Embora o inimigo fosse ainda desconhecido, a recomendação para matá-lo era o “hospitalismo”: a infecção, o envenenamento do sangue e a gangrena negra, que esvaziavam as salas de cirurgia nos cemitérios e dava aos sucessivos ocupantes da mesa de operação uma chance pior do que a de um soldado em Waterloo.
Joseph Lister (1827-1912), filho de um comerciante de vinhos em Londres, ainda estudante assistiu à primeira operação com anestesia realizada na Europa por Robert Liston no Hospital Colégio da Universidade em 1846. Lister estudou a inflamação nas patas de sapos. Na sua opinião, a infecção fatal das incisões cirúrgicas não era causada pelos vagos miasmas, como pensava a crença popular, mas por algo sólido que flutuava no ar. Como Jenner, Lister antecipou Louis Pasteur que, em 1864, identificou aquelas partículas invisíveis como coisas vivas que acidificavam o vinho. Lister especulava que, se coisas sólidas faziam apodrecer os vinhos que seu pai vendia, deviam provocar a putrefação das incisões feitas por ele.

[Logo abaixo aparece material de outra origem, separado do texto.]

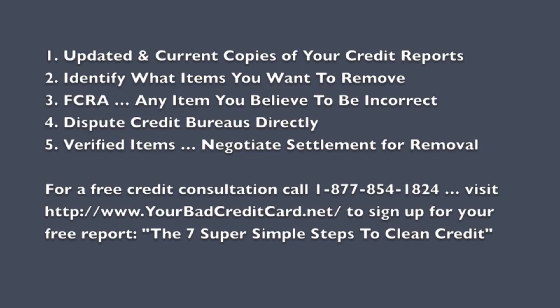Dan Willis here on behalf of YourBadCreditCard.net, and we're talking about how to clean up your credit in five simple steps.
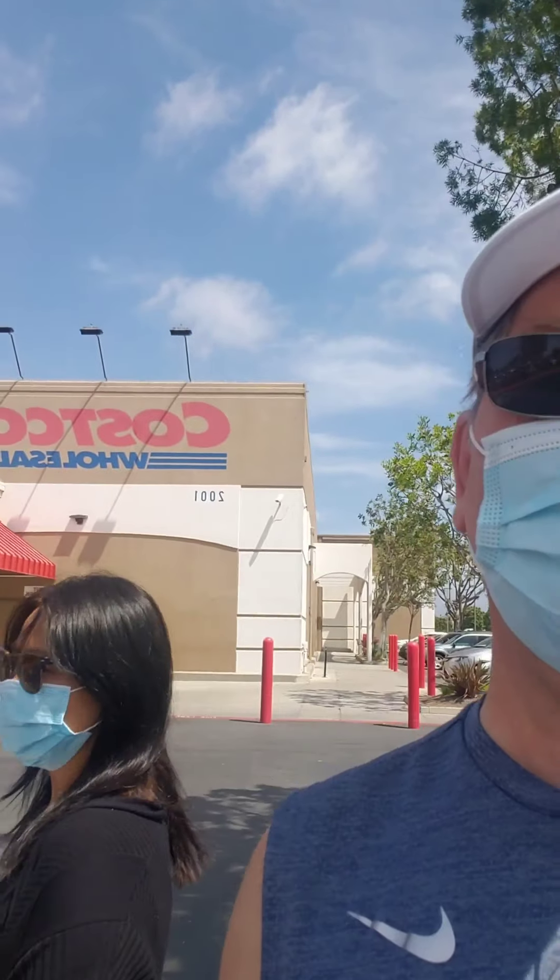All right, it's time to go to Costco. I can move around a little bit, see the sign, so we're gonna go in and see what we got. Probably not a big haul today, but I love going to Costco. I always find new things and different things — I'll show you what we find. I'll talk to you when we get inside.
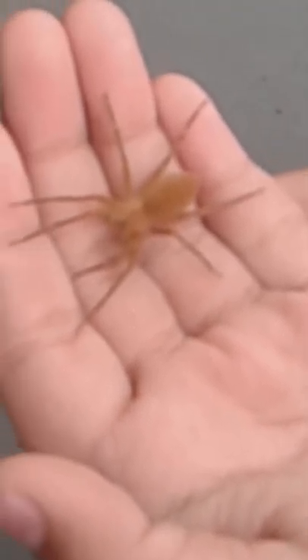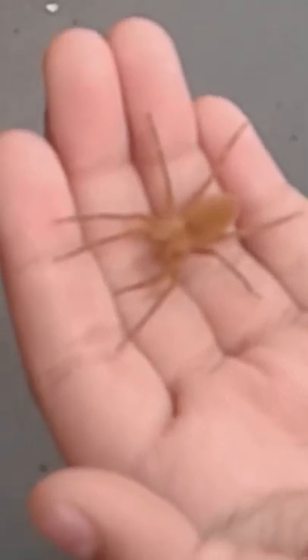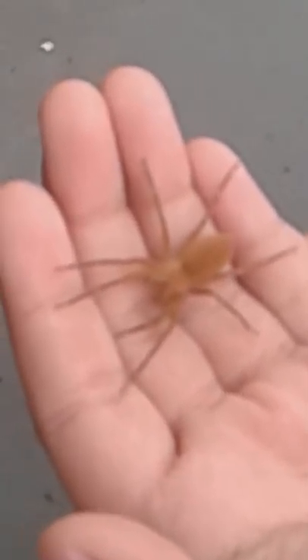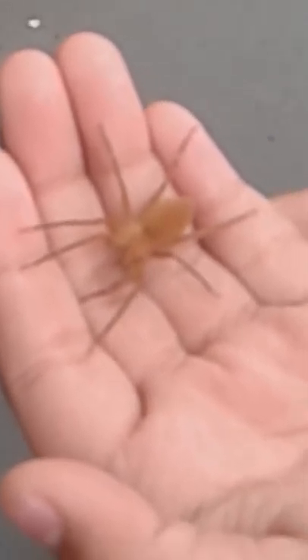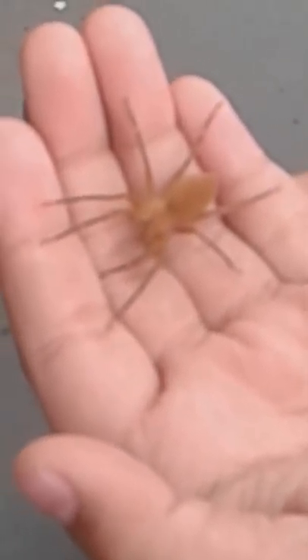Okay Nan, look. So this is me holding a nursery web spider. He's generally harmless and he's not going to hurt anybody — I swear to you that. I know this spider.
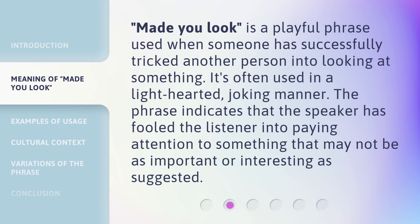'Made You Look' is a playful phrase used when someone has successfully tricked another person into looking at something. It's often used in a light-hearted, joking manner. The phrase indicates that the speaker has fooled the listener into paying attention to something that may not be as important or interesting as suggested.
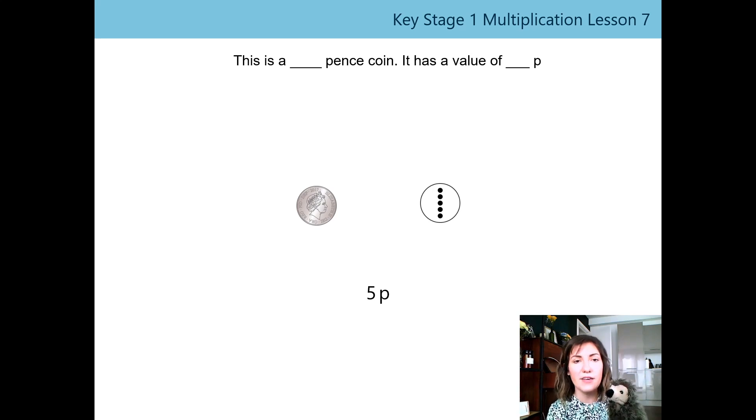Let's say the sentence stem together: 'This is a five pence coin. It has a value of five p.' Did you have the same image on your tail side as I did? I've got an image of a lion on this one. I wonder if you've got the same or a different picture — remember there are some different images. Oh, I found one that's got a different image, this one here. I wonder if yours had some of the same.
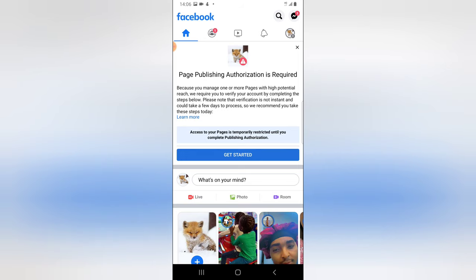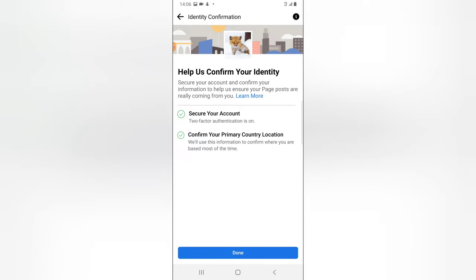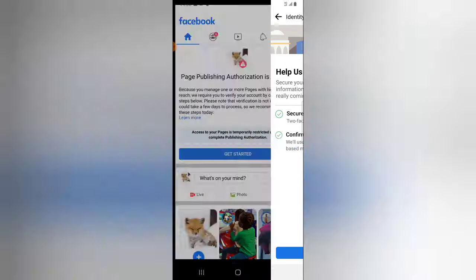Make sure you check that this is active and go ahead and set it up. Do not forget there are two things that are required: you do the two-factor authentication, and also you confirm the country of your location. Go ahead and do all of this and just click on 'Done'. Alright guys, see you in my next video — peace!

Lister tentou então destruir essa massa de germes variados no local em que o bisturi do cirurgião facilitava sua entrada usando um desinfetante no campo operatório. Ele escolheu o ácido carbólico que, sabia, tinha funcionado nos esgotos de Carlisle. Nessa época Lister era professor de cirurgia na Enfermaria Real de Glasgow, construída sobre um cemitério repleto de vítimas da epidemia de cólera. Ele resolveu experimentar sua ideia em 12 de agosto de 1865, aplicando panos embebidos em ácido carbólico na perna esquerda de Jimmy Greenless, de 11 anos, que estava com fratura da tíbia.
Em seguida, Lister adaptou vaporizadores usados para perfume, manejados por um estudante, que durante todo o tempo vaporizava a mesa comum, coberta por uma toalha com bordas como preparada para o chá da tarde, onde se processava a operação. A equipe de cirurgia usava a mesma roupa com que chegava ao hospital, e só o cirurgião arregaçava os punhos. Alguns cirurgiões usavam sempre a mesma sobrecasaca para operar, com fios de sutura presos nas casas dos botões, endurecidos com sangue e pus secos; quanto mais sujos, maior era a clientela do cirurgião. A sala de operação tinha pias de cozinha com torneiras de bronze, bancadas de banheiro com tampo de mármore para os vidros e toalhas, bacias de louça com as esponjas cheias de sangue e um balde cheio de areia, que era espalhada com uma pá no assoalho de madeira sujo de sangue. Um aquecedor a carvão aquecia a sala no inverno e facilitava a alguns cirurgiões mais conservadores o estancamento das hemorragias com ferro em brasa, como faziam seus ancestrais elizabetanos.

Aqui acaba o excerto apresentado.